History

United Kingdom
- Name: Loderer
- Builder: John Priestman & Co., Sunderland
- Launched: 5 December 1903
- Fate: Requisitioned by the Royal Navy in 1915 and converted to Q-ship

United Kingdom
- Name: HMS Farnborough
- Namesake: Farnborough
- Commissioned: 1915
- In service: 1915-1919
- Fate: Sold 1919; Scrapped 1928;

General characteristics
- Type: Q-ship
- Tonnage: 3,207 GRT
- Propulsion: steam turbines
- Speed: 11 knots
- Armament: 2 × QF 6 pounder Nordenfelt ; 5 × 12-pounder; 1 × Maxim gun;

= HMS Farnborough =

HMS Farnborough, also known as (Q-5), was a Q-ship of the British Royal Navy that saw service in the First World War. Farnborough was a heavily armed merchant ship with concealed weaponry that was designed to lure submarines into making surface attacks. Farnborough sank two submarines in her service in the First World War. The first submarine was SM U-68 which involved the first successful use of depth charges. The second submarine was SM U-83, which was sunk on 17 February 1917 in an action for which Captain Gordon Campbell of Farnborough received the Victoria Cross. HMS Farnborough was severely damaged in the action and was beached the same day.

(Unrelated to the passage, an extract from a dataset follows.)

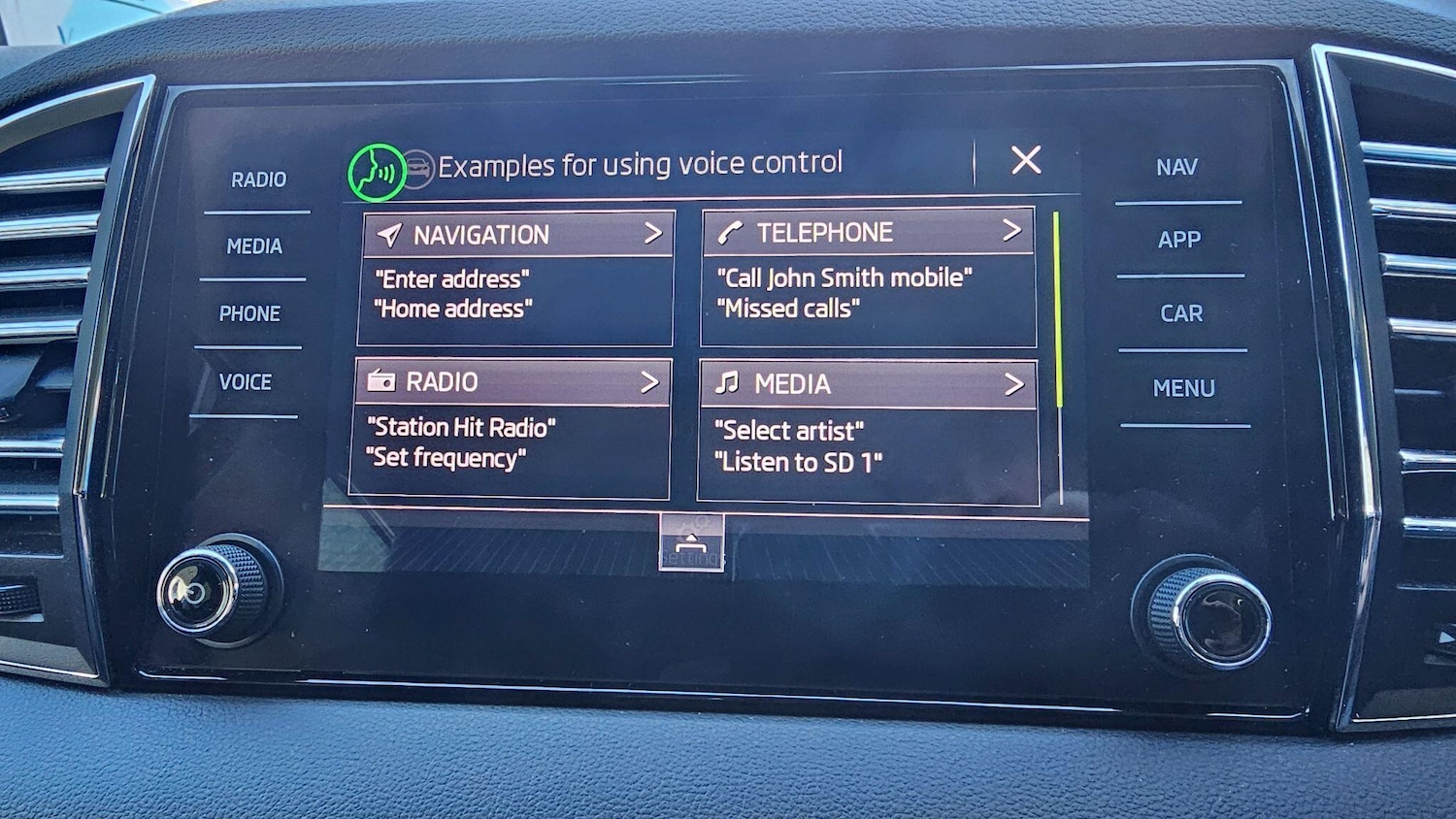 Used Skoda Karoq 2018 for sale - 77120463: Photo 58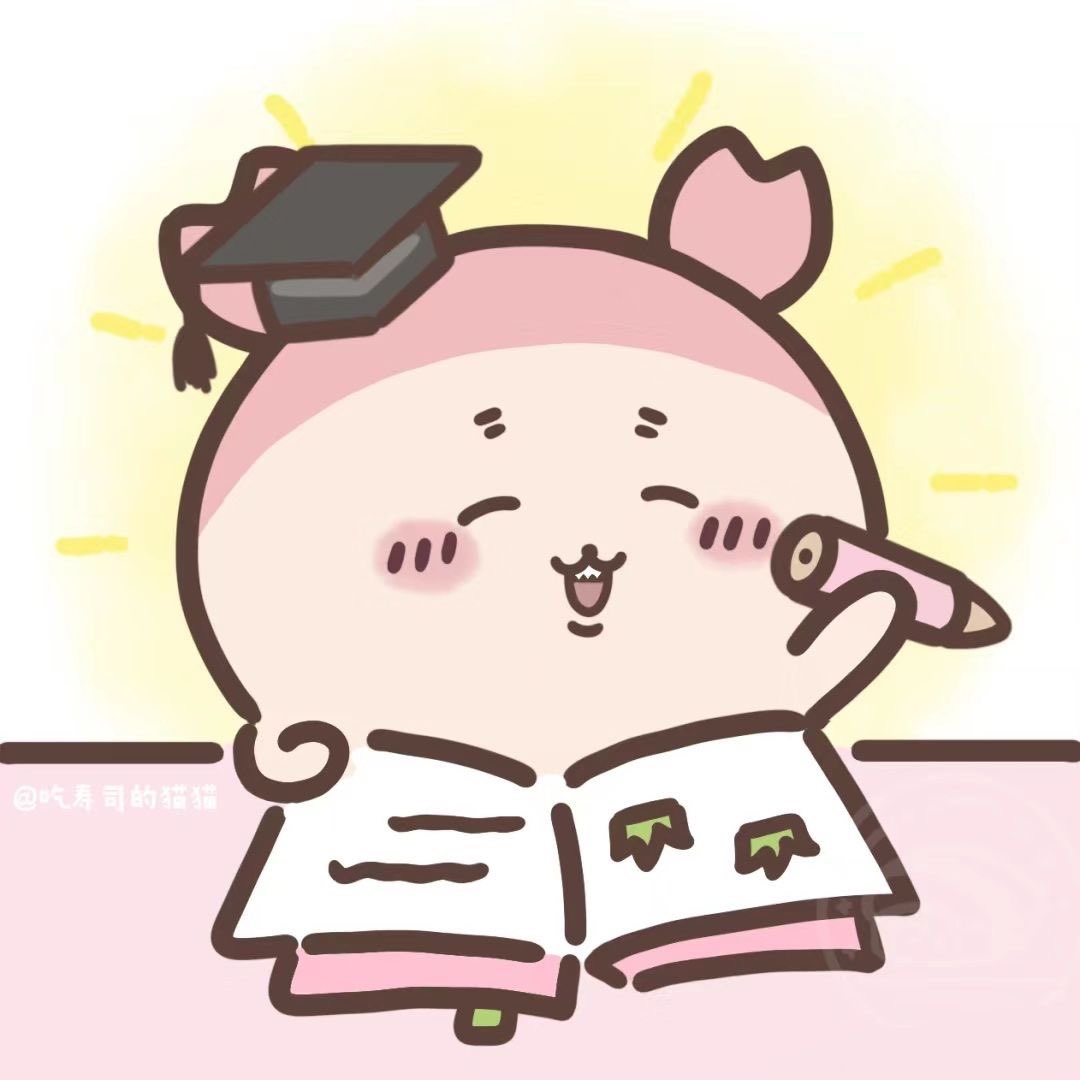 tt1pp1's tweet photo. Team 학생을 위한 짤도 가져왔음 ! https://t.co/neE0mR8dHi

==Construction and design==
Farnborough, of 3207-gross registered tons, was originally constructed as a collier in 1904 under the name Loderer. She had no fixed port and as such was often referred to as a tramp steamer. The Royal Navy converted her into a Q-ship at HMNB Devonport, arming her with five 12-pounder guns, two 6-pounders, and a Maxim gun. Flaps or dummy compartments on the ship concealed the 12-pounder guns. The 6-pounders were hidden at either end of the bridge and the Maxim was in the middle of the ship. She was renamed the Farnborough en route to her first command.

==First World War==

===SM U-68===
Farnborough came into contact with SM U-68 off Britain's west coast on 22 March 1916. At approximately 07:00, U-68 fired a torpedo at Farnborough that narrowly missed the ship's bow. Farnborough continued the deception of being a merchant ship and continued at her same speed and course. At 07:20, U-68 surfaced about 1000 yd astern of Farnborough, moved to the ship's port quarter, and fired a shot across the Q-ship's bow. Farnborough stopped, blew off steam, and launched a boat to simulate a surrender. As U-68 closed to 800 yd, Farnborough raised the British White Ensign, uncovered her guns and opened fire with three of her five 12-pounder guns. The British gunners scored several hits on the U-boat out of 21 rapidly fired rounds. As U-68 began to sink, Campbell steered Farnborough over U-68s location and dropped a depth charge that blew the bow of the submarine out of the water. This was the first use of the depth charge in action. As U-68 began going down by the stern, Farnboroughs gunners scored another five hits on the U-boat's conning tower. U-68 sank at position off Dingle in southern Ireland, with the loss of her entire crew of 38 men.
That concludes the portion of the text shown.